# 12' 200G Monster Corner Tank - FINALLY DONE!



## adampowers22 (Nov 19, 2015)

Hi all, this 6 month project is nearing completion and ready for first showing. It turned out great. Better than I expected honestly. Still much to be done but fish should be installed with a month.






I still have a lot of plumbing to do so if you have suggestions or comments let me have them!


----------



## Mcdaphnia (Dec 16, 2003)

I do have a couple too late reservations about L shaped tanks like this one. One applies only to the inside L tanks like yours. When filled with water, the refractive index of water causes the tank area in the corner to be unviewable except from above. The fish soon learn this and spend a lot of time in this private zone. Both placements of the L aquarium risk a cracked bottom because of the different ways a floor (unless it's concrete slab) will flex depending on whether the tank is parallel or at right angles to the floor joists. Best wishes and hopes that this tank is the exception to its kind!


----------



## adampowers22 (Nov 19, 2015)

Fortunately it's a concrete slab that's been in place for 20 years without issue. I think I'm good there. I thought about the "pocket" nature of the back corner and had the 3D background artist build out the corner area greatly. Most of the depth of the corner is actually reserved for overflow and the rest is just background material. If you watch the video you can see what I mean. Further this tank is designed for the live stream. I can place a camera anywhere i want an have it look pu through the bottom via sand-wall bulkheads or in through back peepholes I installed that are large enough for Logitech c920s. Should be pretty boss. Thanks for the feedback!


----------



## Vociferus (Aug 10, 2016)

This looks pretty great!


----------



## eastern_strider (Sep 13, 2015)

Looks amazing! Good job on this extraordinary work. Did you put the fish in yet? Would love to see a video with them inside.


----------



## Aquariguns (Jan 15, 2015)

SWEET! can't wait to see it all filled up in action


----------



## Chris. (May 10, 2016)

Looks great, love the background especially, what is it made from?


----------



## adampowers22 (Nov 19, 2015)

Hi Chris, that background was special ordered from Aquadecor then further customized for the tank. The material is a high density "pour foam". It's basically the same material that you get in a cheap cooler only far more dense.


----------



## BlueSunshine (Jul 13, 2014)

Watched your videos of this tank build, it looks awesome. I do hope it ends well for you over time.


----------



## adampowers22 (Nov 19, 2015)

Hi guys, the tank is finished! Looks amazing. Check it out when you have a minute...

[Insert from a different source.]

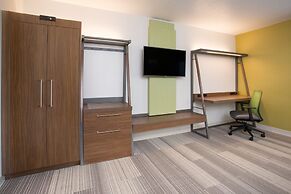 Holiday Inn Express & Suites Lexington W - Versailles by IHG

https://www.youtube.com/c/TheCichlidShow/live


----------



## tanker3 (May 18, 2015)

It looks amazing.


----------



## BptFishkeeper (Sep 26, 2016)

adampowers22 said:


> Hi guys, the tank is finished! Looks amazing. Check it out when you have a minute...
> 
> https://www.youtube.com/c/TheCichlidShow/live


Really nice tank


----------



## RayMontana (Oct 5, 2016)

Nice job..beautiful fish.
I like the look of the rocks broken but still together if you know what I mean


----------



## adampowers22 (Nov 19, 2015)

Hi guys, here's a quick day 44 update on the status of the tank. F1 Ice Blue fry on the way, sump fully installed, diatoms dead. All is (mostly) well...


----------